Europäische Aktien: das Spiegelbild
Die gleiche Logik gilt auch umgekehrt. Rund 60 Prozent der Umsätze der STOXX 600-Unternehmen stammen aus dem Ausland. Ein schwächerer Euro kommt europäischen Exporteuren zugute, da er den Euro-Wert ihrer Auslandsumsätze erhöht und die Wettbewerbsfähigkeit ihrer Exportpreise verbessert. So erzielen beispielsweise Luxus- und Luftfahrtunternehmen oft einen grossen Teil ihrer Umsätze in US-Dollar. Wenn der Dollar stark ist, verzeichnen diese Unternehmen höhere Umsätze. Ein starker Euro kann hingegen Druck auf die Umsätze ausüben. Aber auch hier passen sich die Aktienkurse in der Regel im Laufe der Zeit an.
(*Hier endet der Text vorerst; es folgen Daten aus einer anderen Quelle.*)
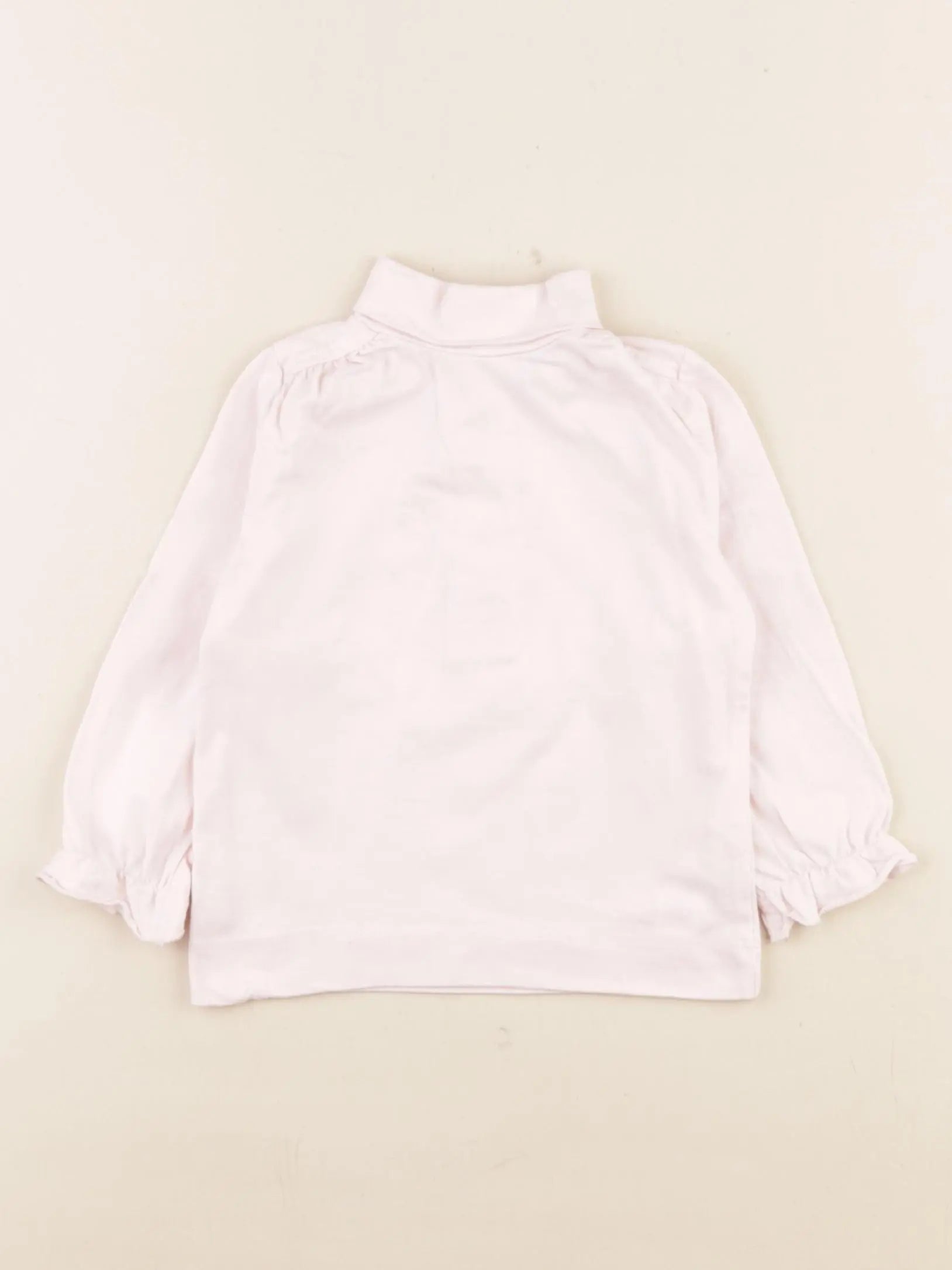 Natalys - sous-pull rose - 6 mois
Aurélien Duval, Fund Manager, DPAMWissenschaftliche Studien und Langzeitdaten bestätigen, dass es keine konsistente negative Korrelation zwischen Währungsschwankungen und Aktienrenditen gibt.
Wenn der Euro schwächer wird, verzeichnen diese Unternehmen einen Anstieg ihrer in Euro ausgewiesenen Gewinne. So entwickelten sich beispielsweise während des starken Euro-Verfalls 2014 bis 2015 (~25 Prozent gegenüber dem US-Dollar) die europäischen Gewinne und Aktienindizes gut, da die Auslandsumsätze in Euro rentabler wurden.
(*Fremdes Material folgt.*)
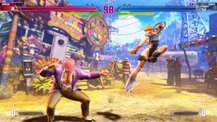 Геймплей в Street Fighter 6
Währungsrisiko in Aktienportfolios oftmals überbewertet
Wissenschaftliche Studien und Langzeitdaten bestätigen, dass es keine konsistente negative Korrelation zwischen Währungsschwankungen und Aktienrenditen gibt. Faktoren wie Gewinnwachstum und Konjunkturzyklen haben einen weitaus grösseren Einfluss. Währungseffekte gleichen sich im Laufe der Zeit tendenziell aus, insbesondere in Portfolios, die in global diversifizierte Unternehmen investiert sind. Tatsächlich kann der Versuch, das Währungsrisiko in Aktien abzusichern, die langfristigen Renditen verringern und unnötige Komplexität schaffen. Während globale Unternehmen im Laufe der Zeit tendenziell selbst für Absicherungen sorgen, sind einige Unternehmen einem echten Währungsrisiko ausgesetzt, wenn Kosten und Einnahmen in unterschiedlichen Währungen anfallen. Hier spielt aktives Management eine entscheidende Rolle. Beispielsweise produzieren Luxusgüterhersteller häufig in Europa (Kosten in EUR oder CHF) und verkaufen in den USA (Einnahmen in US-Dollar). Ein schwächerer Dollar drückt die Margen, sofern die Preise nicht angehoben werden. Das schwedische Industrieunternehmen Atlas Copco ist ähnlichen Risiken ausgesetzt: Kosten in Europa, bedeutende Umsätze in den USA. Wenn der Dollar schwächer wird, können die Gewinne in SEK oder EUR sinken.
Börsennotierung ≠ Geschäftsrisiko
In einer globalisierten Wirtschaft sagt die Börsennotierung eines Unternehmens wenig darüber aus, wo es tätig ist. MercadoLibre beispielsweise ist an der Nasdaq notiert, operiert jedoch ausschliesslich in Lateinamerika und hat keine Einnahmen oder Kosten in US-Dollar. Linde hat seine Hauptnotierung von Deutschland in die USA verlegt, ist aber weiterhin weltweit tätig. Die Fundamentaldaten blieben unverändert, doch könnte man das Unternehmen von einem Tag auf den anderen eher als US-amerikanisches denn als EU-Unternehmen betrachten. Diese Beispiele zeigen, dass die wirtschaftliche Exposition wichtiger ist als der Börsenplatz. Anleger sollten sich darauf konzentrieren, in welchen Währungen ein Unternehmen seine Einnahmen und Ausgaben tätigt, und nicht darauf, wo seine Aktien gehandelt werden.